Below is an excerpt from the introduction of the book Student-Centered School Improvement: Identifying Systemic Changes Essential for Success.

How do we improve the lives of humans?

As a parent, teacher, school leader, and researcher, I have seen how a poor education holds children back and how a great education propels them forward. Working in schools, I am in awe of the brilliance, creativity, and ambition of young people and strongly believe all children deserve the opportunity to realize their fullest potential through a dynamic and challenging learning environment.

I want to share how we can accomplish meeting the variety of students’ needs in education if we redesign the way we identify schools -early when showing distress- and restructure the system of support around them to be more focused on student needs.

In this book, I arm you with the tools needed, drawing on cutting-edge research on how to identify schools earlier for support, as well as the real-world experiences of a wide range of “school improvers”—in education from Governors, Secretary of Education, and State Education “Chiefs” to parents, students and teachers. This book will show how an aligned, systemic approach to early identification and support of issues in school can help improve the educational sector across the U.S.  In this book, I help you as the reader:

  • Reflect on the outcomes of our current educational system (see why things need to change)
  • Envision what models of where our educational system is/should be going; what “effective” looks like so you can see for yourself what will be needed to get there; and how change can unfold over time (see what has to change)
  • Build using resources to get there: skills, competencies, confidence (see how they have to change)

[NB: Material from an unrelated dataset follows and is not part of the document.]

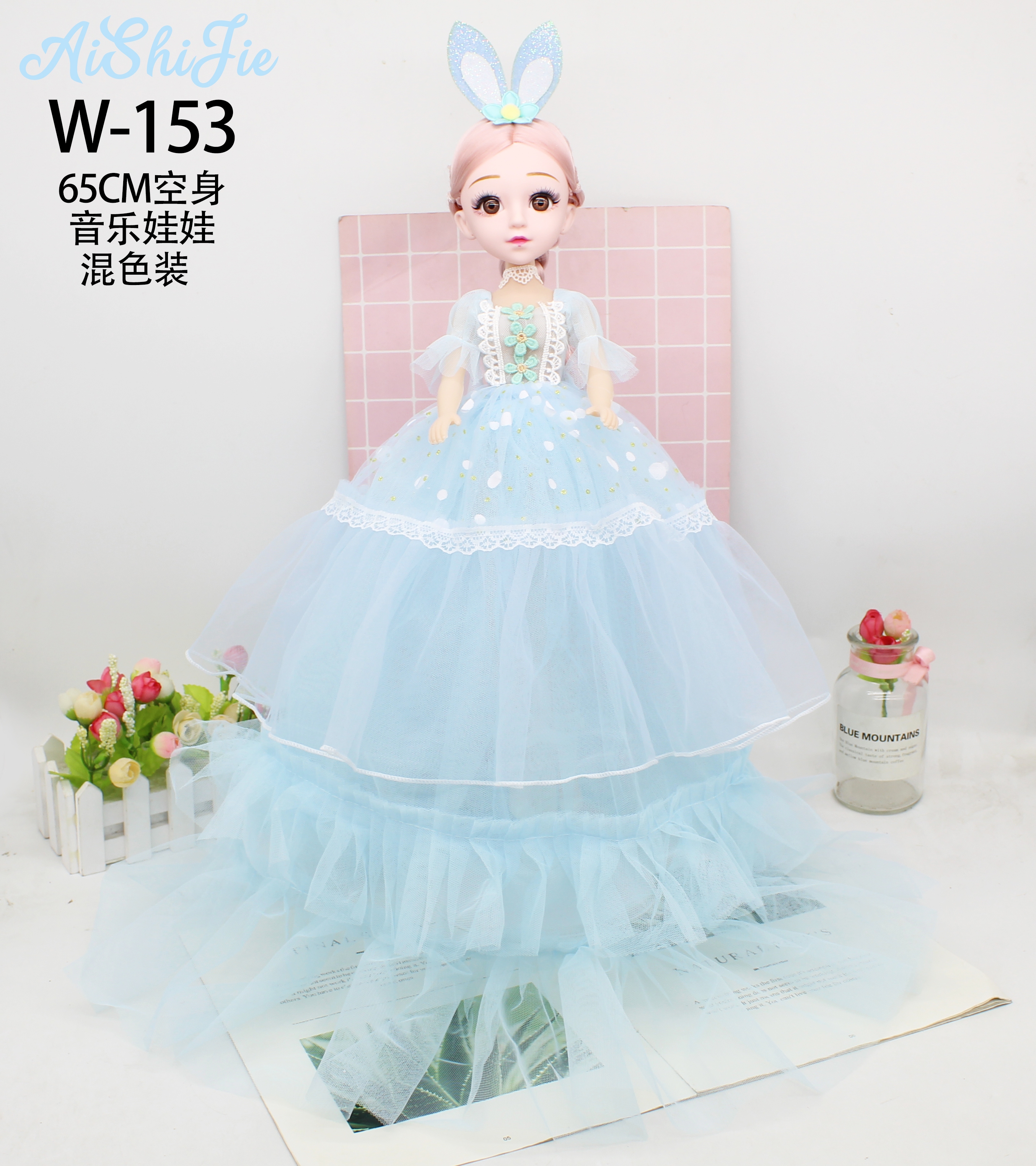 Venta directa de la fábrica 65cm vestido de novia cantando música barbie regalo de cumpleaños para niñas juguetes para niños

To do so, this book is organized into two parts. In Part I, you’ll take a look at current trends of student trajectory and impact stemming from the educational reforms enacted since 1965 to unpack why we need a new philosophy for school improvement and why now. Part I helps us reflect by giving us a better sense of how to move forward, by first taking a step back into how we got to this moment in educational improvement. You’ll examine our history of accountability, and the toll accountability has taken on expectations for students (Chapter 2), and the history of tactics for school improvement (Chapter 3) and the impact school improvement has taken on teachers (Chapter 4). Finally, Chapter 5 presents you with a crossroads moment in our education system. Which way you choose to proceed is up to you.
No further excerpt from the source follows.